USA Weekend Box-Office Estimates
1/10-1/12
http://us.imdb.com/Charts/

1 Just Married 
2 Lord of the Rings: The Two Towers
3 Catch Me If You Can 
4 Two Weeks Notice
5 About Schmidt 
6 Chicago 
7 Maid in Manhattan 
8 Gangs of New York 
9 Antwone Fisher 
10 Adaptation.


----------



## jrjcd (Apr 23, 2002)

ugh-look at that-catch me if you can, about schmidt, chicago, gangs of new york, antwone fisher, adaptation....

...and what beats out two towers?????

JUST MARRIED!!!!????!!!!???!!!!

bleah...

on the plus side, i got a chance to see puccini's "turandot" with the new beria ending this past friday and it was quite wonderful...


----------



## Mark Holtz (Mar 23, 2002)

Uh, it's not all that unusual for a film to have a fall-off after the holidays. According to The Movie Times, as of January 7th, the US Box Office gross was as follows:

1. Spider Man $403 million (#5 US All Time)
2. Star Wars Episode II $310 million (#11 US All Time)
3. The Two Towers $261 million (#18 US All Time)
4. Harry Potter $252 million (#22 US All Time)
5. My Big Fat Greek Wedding $227 million (#32 US All Time)

Star Trek: Nemesis: #61 with $39.6 million.


----------



## Mike123abc (Jul 19, 2002)

The Two Towers release was really a bit late. It probably would have done better being released right before Thanksgiving, getting more weeks of prime movie going under its belt before the dismal Jan/Feb timeframes. Of course what do I know I am not a Hollywood big shot!


----------



## Mark Holtz (Mar 23, 2002)

The two big movies this holiday season was _Harry Potter_, released through Warner Bros., and _The Two Towers_, released through New Line Cinema. Both companies are owned by Time-Warner.

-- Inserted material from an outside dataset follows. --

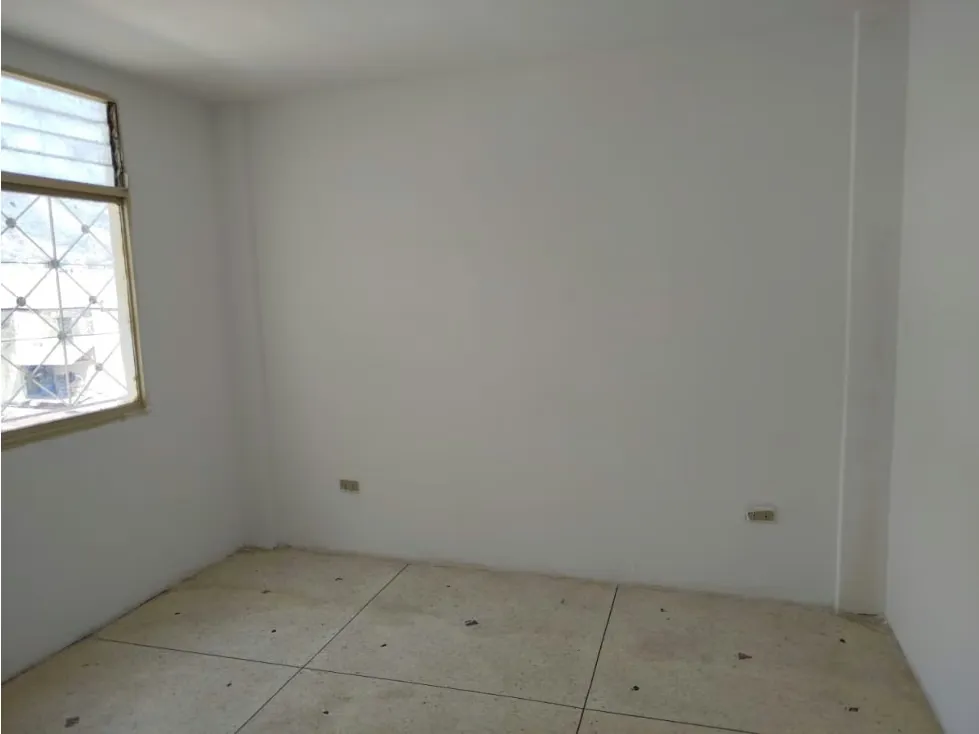 Vendo edificio comercial 300m2 Centro de Catia 6341 - 9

And this year, Time-Warner will have *four* potential movies that will do well at the box office: _The Matrix Reloaded_, _The Matrix Revolutions_, _Harry Potter 3_, and _LOTR: Return Of The King_.

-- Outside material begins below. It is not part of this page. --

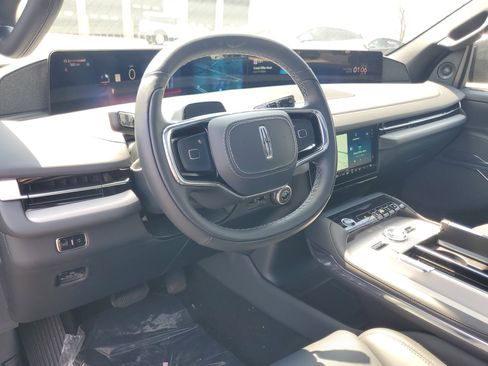 New 2026 Lincoln Navigator L Reserve AWD/4WD image 14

And, remember, _The Two Towers_ took advantage of the time during the holidays, so there was additional box office gross during the week. Plus, it made $14 million over this past weekend, again not bad.


----------



## dtcarson (Jan 10, 2003)

I can see Catch Me If You Can; Tom Hanks, Leo DiCaprio, and it's definitely something a little more 'lighthearted' and upbeat than the general town of LotR. But Just Married? I....don't even know what to say....The reviewer on Reel.com admitted he walked out of it.
I'm not a big fan of what Hollywood mostly puts out, but it seems to me that Maid in Manhattan and Two Weeks Notice are pretty much the same movie. While I like Sandra Bullock, I can't stand that smarmy Hugh Grant. I've heard Adaptation is good, if you don't mind being puzzled over a movie. 
We were going to see TTT last weekend, but they didn't take our discount passes yet, and I can't make myself pay 7.50/movie, plus eight bucks for prepopped popcorn and a sprite. Back to the DVD player, and awaiting Saturday when my sat gets installed


----------



## jrjcd (Apr 23, 2002)

whilst i realize that movies DO fall off in receipts after a certain period of time, i just think it's a shame that it has to fall off to putrid cr*p like "just married", ESPECIALLY all the good films that should have done it....jmho


----------



## Mark Holtz (Mar 23, 2002)

January is traditionally the period where the studios dump the very bad movies in the hopes of recouping some money from them. 

Once the Oscar nominations are announced, you'll see the push for the Oscar nominated films. Often, these films are in extremely limited release in late December to qualify for the Oscars, then expand distribution up until the Oscars are presented.


----------



## Mark Holtz (Mar 23, 2002)

Okay, new information....

According to the final box office figures for 1/10-12, The Two Towers grossed $283 million. 

The prelimiary box office totals for this weekend are:

1. ``Kangaroo Jack,'' $17.7 million. 
2. ``National Security,'' $15.7 million. 
3. ``Just Married,'' $12.5 million. 
4. ``The Lord of the Rings: The Two Towers,'' $11.4 million. 
5. ``Catch Me If You Can,'' $11.3 million. 
6. ``Chicago,'' $8 million. 
7. ``A Guy Thing,'' $7.1 million. 
8. ``About Schmidt,'' $6.3 million. 
9. ``The Hours,'' $4.7 million. 
10. ``Two Weeks Notice,'' $4.1 million. 

With these estimates, The Two Towers is expected to hit $299 million in US box office gross, and studio execs will announce that it hit the $300 million mark Monday. Only two other 2002 files went over the $300 million mark: Star Wars-Episode II with $310 million, and Spiderman with $403 million. 

FWIW: The Fellowship Of The Ring grossed $313 million domestically when things were said and done. That does not include foreign film gross or video sales.


----------



## jrjcd (Apr 23, 2002)

kangaroo jack????

i rest my case.....*sigh*


----------